* **Problem to solve**: Give again, unaltered, the lines of the listing below that run from the line having "Moneda de plata de la Fao" through the line having "cold gradient line drawing cartoon girl pouting cold".

* **Information given**:
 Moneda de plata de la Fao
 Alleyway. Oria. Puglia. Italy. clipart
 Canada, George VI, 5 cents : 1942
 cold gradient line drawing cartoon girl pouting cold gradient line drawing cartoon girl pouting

==

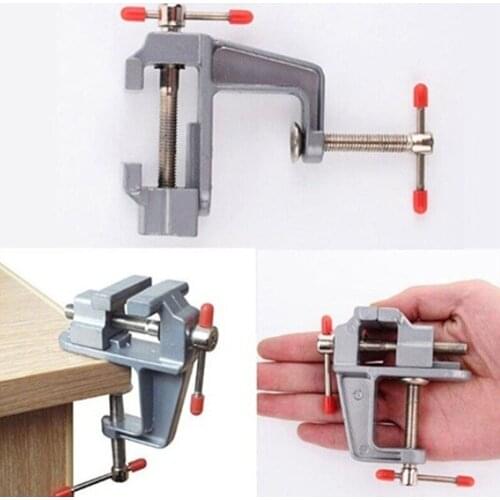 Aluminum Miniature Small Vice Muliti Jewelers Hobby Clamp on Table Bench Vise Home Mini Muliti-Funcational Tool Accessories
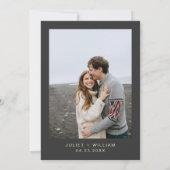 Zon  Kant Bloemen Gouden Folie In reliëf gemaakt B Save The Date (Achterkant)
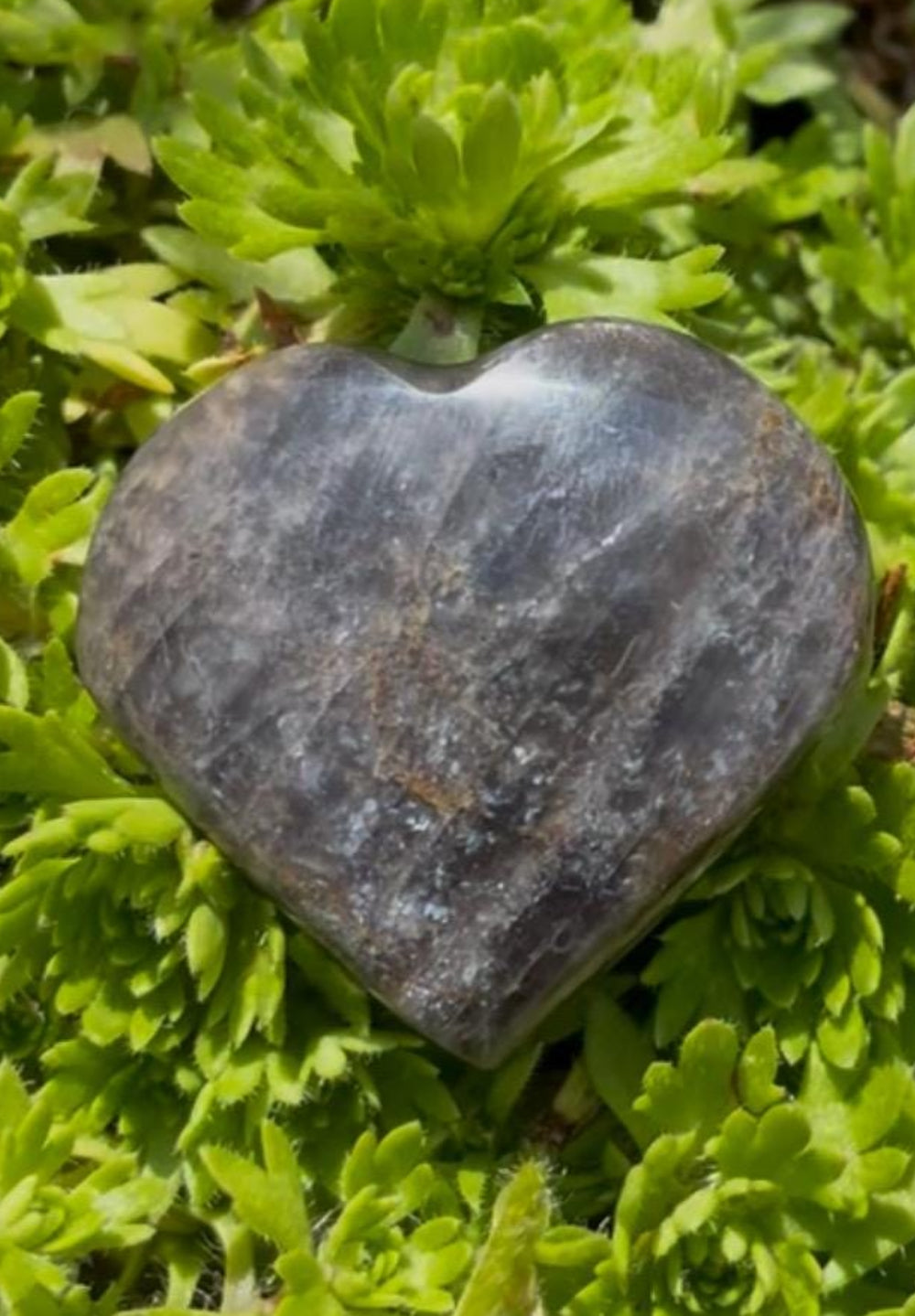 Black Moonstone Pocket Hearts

* **Exercise output**:
 Moneda de plata de la Fao
 Alleyway. Oria. Puglia. Italy. clipart
 Canada, George VI, 5 cents : 1942
 cold gradient line drawing cartoon girl pouting cold gradient line drawing cartoon girl pouting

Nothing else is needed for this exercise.